Usage example

Elena Dvoryadkina

Contents

Load data from ADQM to Spark 3
Run any SQL query on an ADQM node
Write data from Spark 3 to ADQM

Before you start using ADQM Spark 3 Connector, you need to find out the following information:

ADQM host name;
port for interacting with ADQM;
user credentials for connection;
name of the database to connect to;
name of the table to be accessed.

Examples in this article use the following data for testing:

ADQM host — 10.92.17.146;
port — 9000;
ADQM user — default (no password);
database — default;

table to be read from ADQM — users:

┌─user_id─┬─name───┬───role──┐
│       1 │ john   │    admin│
│       2 │ mary   │   author│
│       3 │ andrew │   author│
│       4 │ harry  │ reviewer│
│       5 │ ann    │view only│
└─────────┴────────┴─────────┘

ADQM Spark 3 Connector communicates with ADQM using a JDBC connection. The ClickHouse Native JDBC driver comes with the connector.
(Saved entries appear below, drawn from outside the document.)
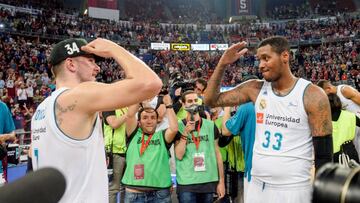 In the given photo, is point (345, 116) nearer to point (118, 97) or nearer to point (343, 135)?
point (343, 135)

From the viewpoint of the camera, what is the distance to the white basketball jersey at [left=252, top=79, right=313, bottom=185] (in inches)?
115

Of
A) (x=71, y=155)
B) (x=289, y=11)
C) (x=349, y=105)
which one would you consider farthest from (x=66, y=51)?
(x=289, y=11)

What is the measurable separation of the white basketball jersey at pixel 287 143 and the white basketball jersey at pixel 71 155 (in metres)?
1.36

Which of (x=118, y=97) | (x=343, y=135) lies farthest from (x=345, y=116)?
(x=118, y=97)

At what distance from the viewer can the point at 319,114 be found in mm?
2807

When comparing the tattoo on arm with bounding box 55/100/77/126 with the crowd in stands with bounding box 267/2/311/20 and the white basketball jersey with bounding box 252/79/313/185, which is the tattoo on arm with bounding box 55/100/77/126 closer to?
the white basketball jersey with bounding box 252/79/313/185

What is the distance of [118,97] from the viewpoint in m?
2.04

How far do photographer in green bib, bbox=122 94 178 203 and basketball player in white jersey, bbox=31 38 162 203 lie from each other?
187 centimetres

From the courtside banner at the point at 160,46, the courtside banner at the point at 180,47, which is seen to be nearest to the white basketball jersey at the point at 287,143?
the courtside banner at the point at 160,46

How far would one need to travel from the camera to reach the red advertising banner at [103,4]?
35.9 meters

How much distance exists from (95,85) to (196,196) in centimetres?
254

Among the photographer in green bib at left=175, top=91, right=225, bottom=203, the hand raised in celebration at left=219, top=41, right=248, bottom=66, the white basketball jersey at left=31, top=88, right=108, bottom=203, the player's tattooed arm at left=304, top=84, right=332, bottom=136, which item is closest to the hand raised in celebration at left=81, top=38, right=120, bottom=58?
the white basketball jersey at left=31, top=88, right=108, bottom=203

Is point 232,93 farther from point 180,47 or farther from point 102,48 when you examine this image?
point 180,47

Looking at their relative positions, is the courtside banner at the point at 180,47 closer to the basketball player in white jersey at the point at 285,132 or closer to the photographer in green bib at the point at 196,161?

Commands from examples below should be executed in the interactive shell for Scala — spark3-shell.

Load data from ADQM to Spark 3

Specify the connector settings for reading data from the ADQM default.users table:

val options_read = Map(
    "spark.adqm.url" -> "jdbc:clickhouse://10.92.17.146:9000",
    "spark.adqm.user" -> "default",
    "spark.adqm.dbschema" -> "default",
    "spark.adqm.dbtable" -> "users")

Create a DataFrame:

val adqm_users = spark.read.format("adqm").options(options_read).load()
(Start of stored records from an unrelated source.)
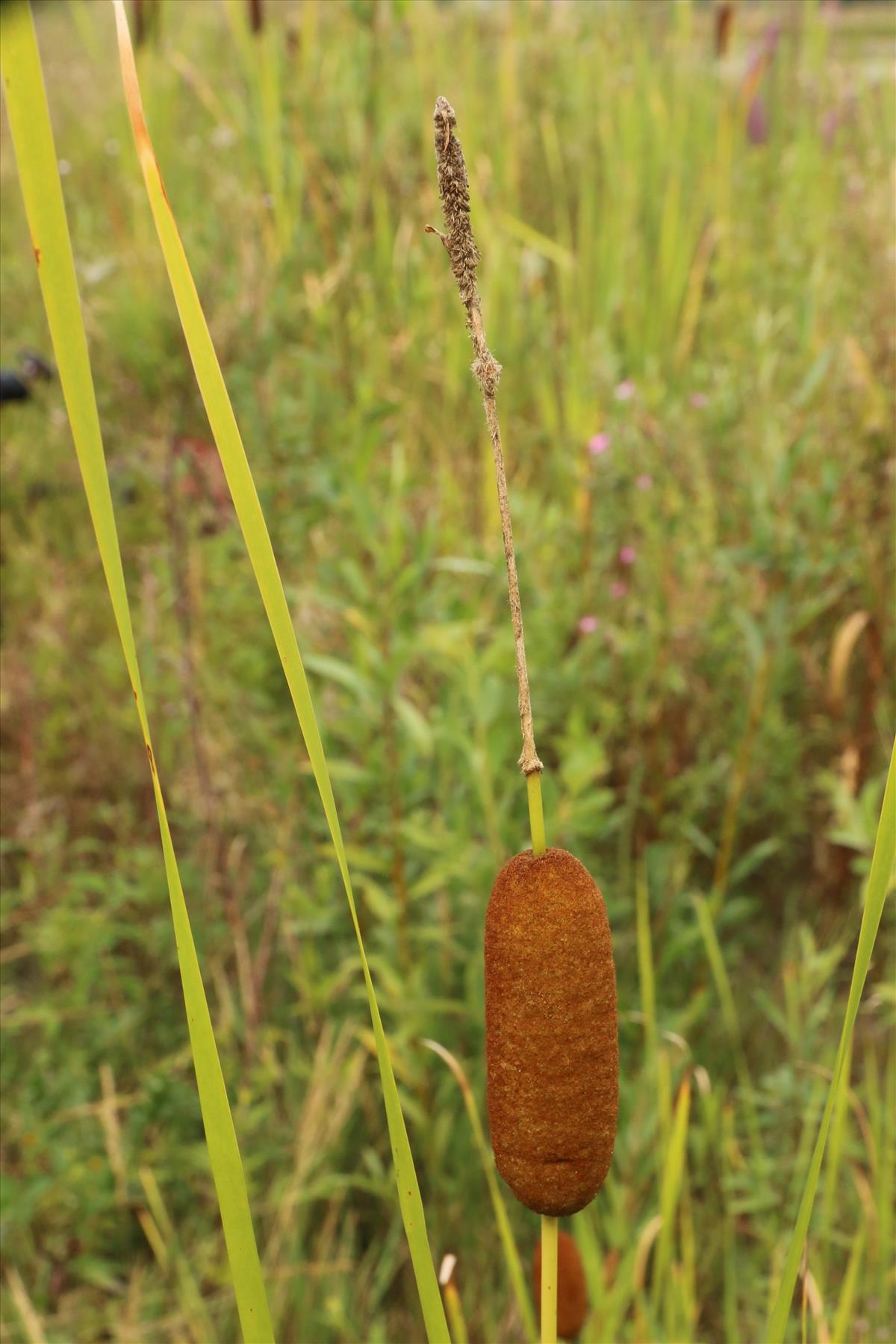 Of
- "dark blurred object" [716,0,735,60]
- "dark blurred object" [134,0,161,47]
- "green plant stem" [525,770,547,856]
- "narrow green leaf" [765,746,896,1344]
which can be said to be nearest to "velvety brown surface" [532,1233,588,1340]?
"narrow green leaf" [765,746,896,1344]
Result of command execution:

adqm_users: org.apache.spark.sql.DataFrame = [user_id: int, name: string ... 1 more field]

Check the DataFrame’s content:

adqm_users.show()

+-------+------+---------+
|user_id|  name|     role|
+-------+------+---------+
|      1|  john|    admin|
|      2|  mary|   author|
|      3|andrew|   author|
|      4| harry| reviewer|
|      5|   ann|view only|
+-------+------+---------+

Run any SQL query on an ADQM node

Set additional settings for a Spark session and enable auxiliary functions:

spark.stop
val spark1 = org.apache.spark.sql.SparkSession.
    builder().
    master("local[*]").
    appName("spark_example").
    config("spark.adqm.url","jdbc:clickhouse://10.92.17.146:9000").
    config("spark.adqm.user","default").
    getOrCreate()
import io.arenadata.spark.adqm.implicits._

Create an arbitrary table in ADQM and fill it with test data:

spark1.executeAdqmQueryOnShard("create table default.test_spark(id integer) ENGINE  = MergeTree() ORDER BY id;")
spark1.executeAdqmQueryOnShard("insert into default.test_spark values(1);")
spark1.executeAdqmQueryOnShard("insert into default.test_spark values(2);")
spark1.executeAdqmQueryOnShard("insert into default.test_spark values(3);")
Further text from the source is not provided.